A ‘Remarkable Contrast’

Warren writes that these financial firms’ statements “…strike a remarkable contrast with what lobbyists of the financial services and insurance industries have said in opposition to the rule in the past,” and, she notes, “…directly contradict the findings of a new study, paid for by the Securities Industry and Financial Markets Association (SIFMA), one of the largest trade associations for the financial industry.” The latter put a $4.7 billion dollar tab on compliance costs associated with the fiduciary regulation.

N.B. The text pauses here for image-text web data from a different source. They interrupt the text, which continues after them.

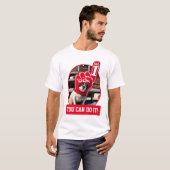 Dog in schuimhand t-shirt (Voorkant volledig)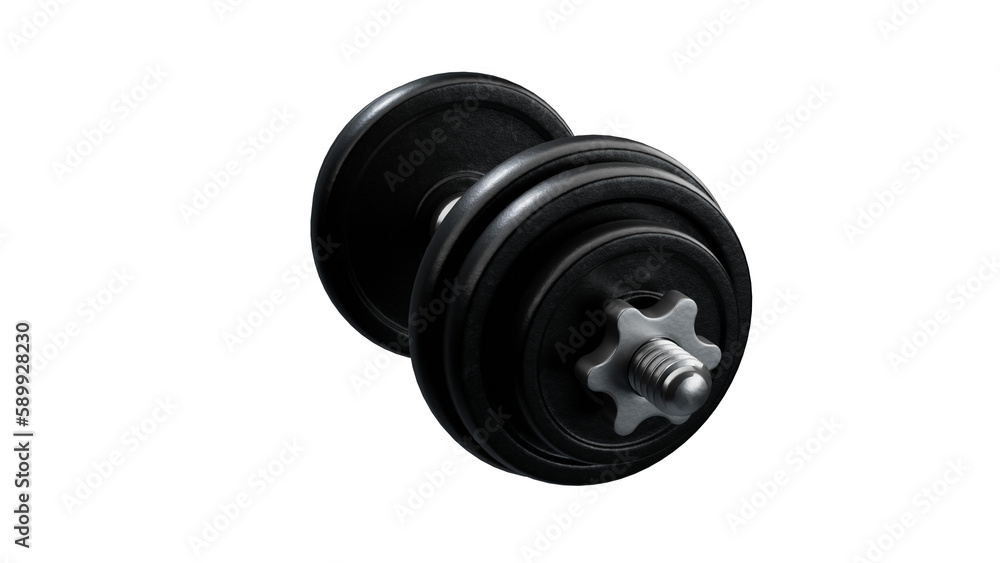 Black rubber dumbbells with perforated handle Black rubber dumbbells with perforated handle
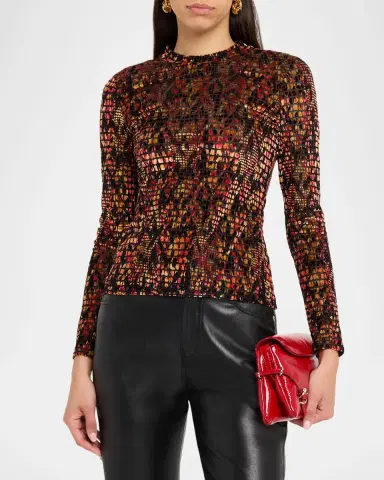 JBQ Hugo Burnout Velvet Top | Thumbnail 3 JBQ Hugo Burnout Velvet Top | Thumbnail 3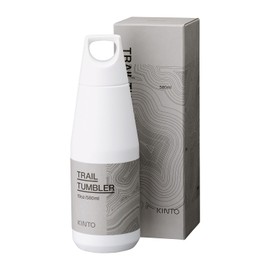 KINTO 20211 Trail Tumbler, 16.9 fl oz (580 ml), White, Double Wall Vacuum Construction, Thermal and Cold Retention
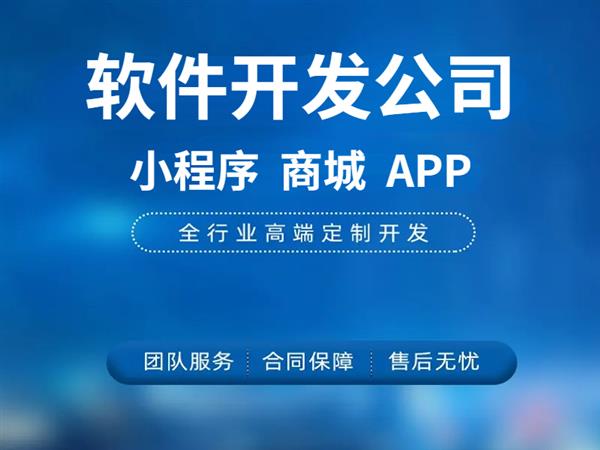 南昌企业级软件开发公司做小程序商城APP开发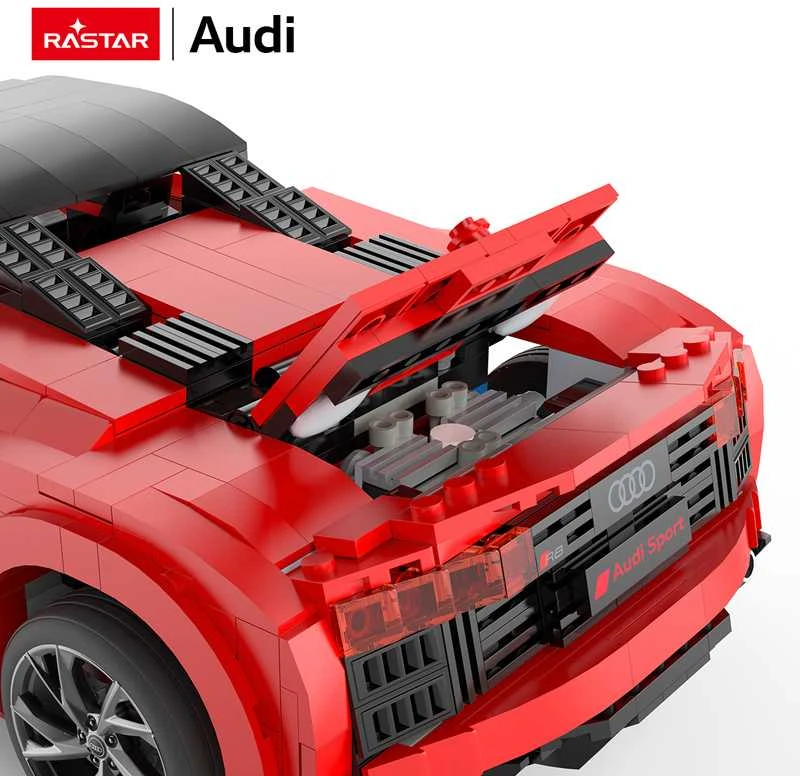 RASTAR 1:14 mastelio surenkamas automodelis AUDI R8 Spyder Bricks, 93800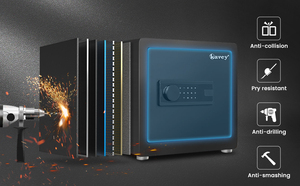 Chất lượng cao bền khách sạn An ninh thông minh kỹ thuật số an toàn lạnh Thép cán nguội điện tử an toàn cho lưu trữ cho khách sạn - Product Image 6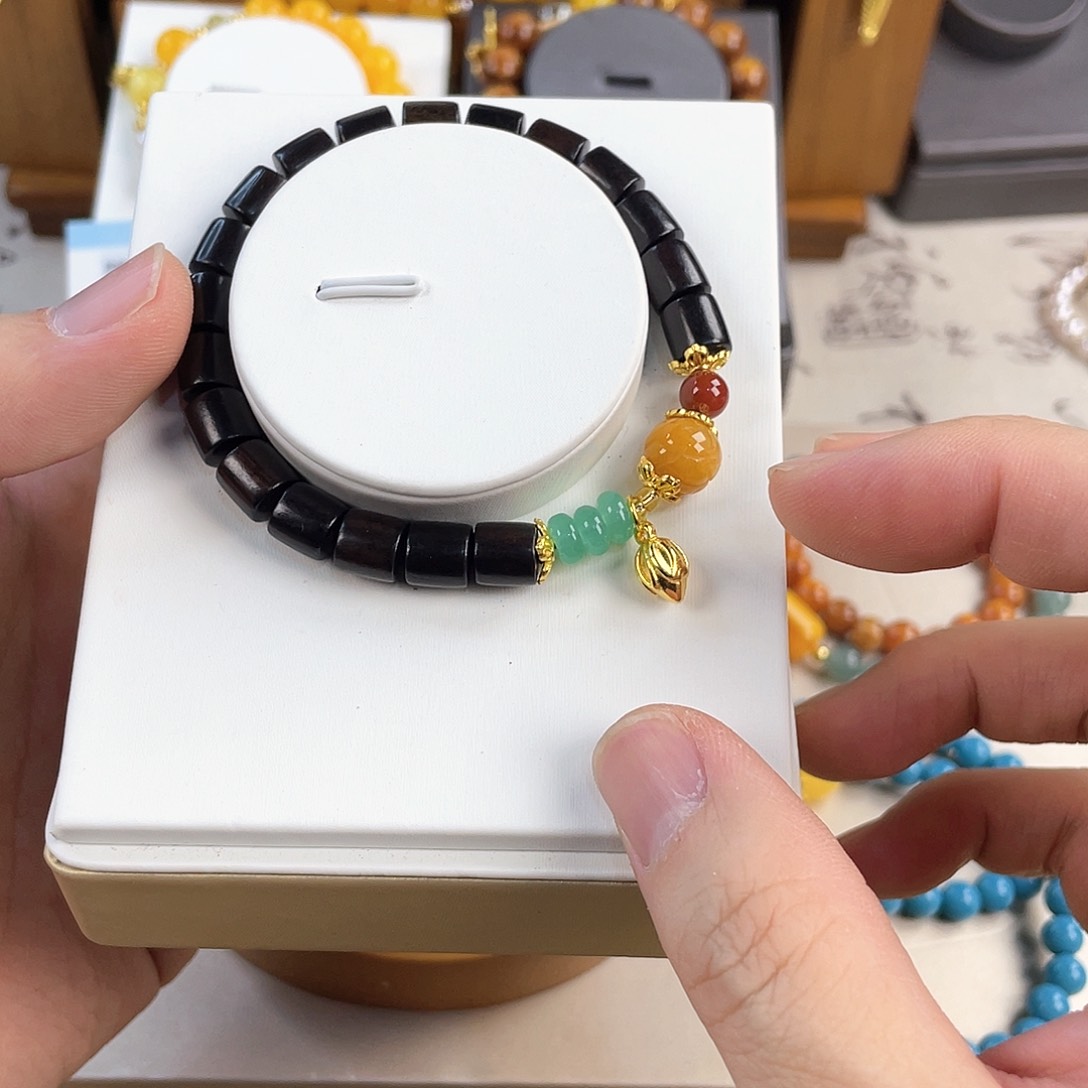 翡翠手饰银S925镀金镶嵌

“I hope you will keep this contrast, and my letter, in mind as you read the forthcoming comments from companies and trade associations about whether to delay the January 1, 2018 implementation date and as you review the industry-funded studies they submit in conjunction with these comments,” she continues.

Not the First Time

This is not, of course, the first time Warren has used financial services firms’ words to make her point. Back in February Warren wrote to the acting Secretary of Labor in a similar format, stating that “delaying implementation of this rule would be a slap in the face to the companies that have invested, in good faith, for a deadline that has stood for the past year,” as well as to “the everyday worker deserving of the assurance that their retirement adviser is working in their best interest.”

Last year she wrote to then-Chairman of the SEC Mary Jo White asking that the SEC open an investigation into whether financial services providers violated securities laws by misleading investors by making contradictory statements about the impact of the pending rule on their business practices.